Isao menyampaikan berdasarkan alasan bahwa karena perkembangan teknologi kamera yang kian mampu dalam menyajikan kejernihan gambar, sehingga sidik jari Anda sudah dapat dengan mudah dibaca melalui foto yang Anda sajikan. Itu kemudian dipakai untuk memalsukan identitas Anda.

Hasil eksperimen Isao Echizen membuktikan bahwa jika jarak jari V itu berada di bawah 3 meter dengan kamera, maka sidik jarinya dapat dengan mudah diambil dari hasil foto yang diupload itu.

Apalagi kalau menggunakan tongkat swafoto/ selfie, maka jarak antara kamera dengan objek jelas di bawah 3 meter.
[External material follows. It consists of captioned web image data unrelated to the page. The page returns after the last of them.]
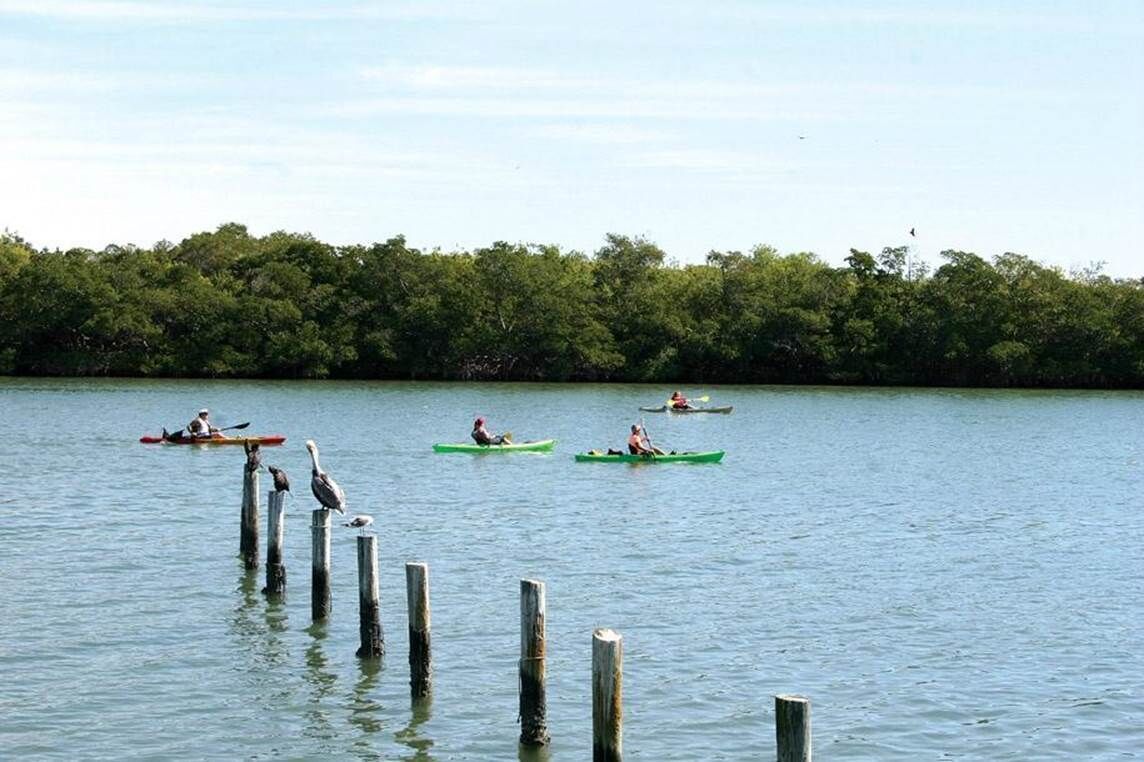 A calm lake with kayaks and canoes, surrounded by dense trees.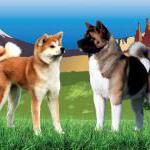 Germany: Akita Club e.V. 40th Anniversary Show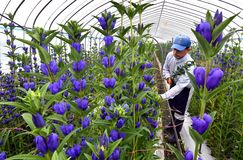 リンドウの出荷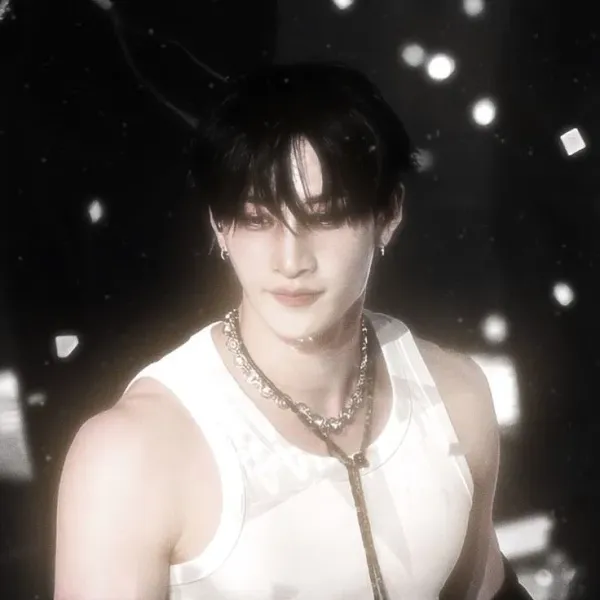 Bang Chan | °☆trainer☆°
Itu akan memberikan kesempatan besar kepada penjahat untuk mengambil sidik jari dan kemudian memalsukan identitas Anda.

Oleh sebab itu, sebaiknya Anda selalu ingat saat diambil foto, “Bagaimana posisi jari jemariku! Apakah sedang menunjukkan jari V dengan bagian sidik jari menghadap kamera? Atau juga lagi da-da da-da?”

Meskipun penjahat lebih tertarik untuk memalsukan identitas orang yang memiliki popuralitas lebih tinggi, karena foto-foto mereka biasanya juga lebih banyak diupload di media ketimbang yang lain.

Namun bagi mereka yang berstatus sebagai karyawan perusahaan yang sidik jarinya sudah diregistrasi untuk membuka pintu keluar masuk kantor, pabrik atau untuk mengoperasikan komputer atau ponsel pun tidak luput dari ancaman pemalsuan identitas yang kemudian harus menanggung risikonya. Demikian penjelasan Isao.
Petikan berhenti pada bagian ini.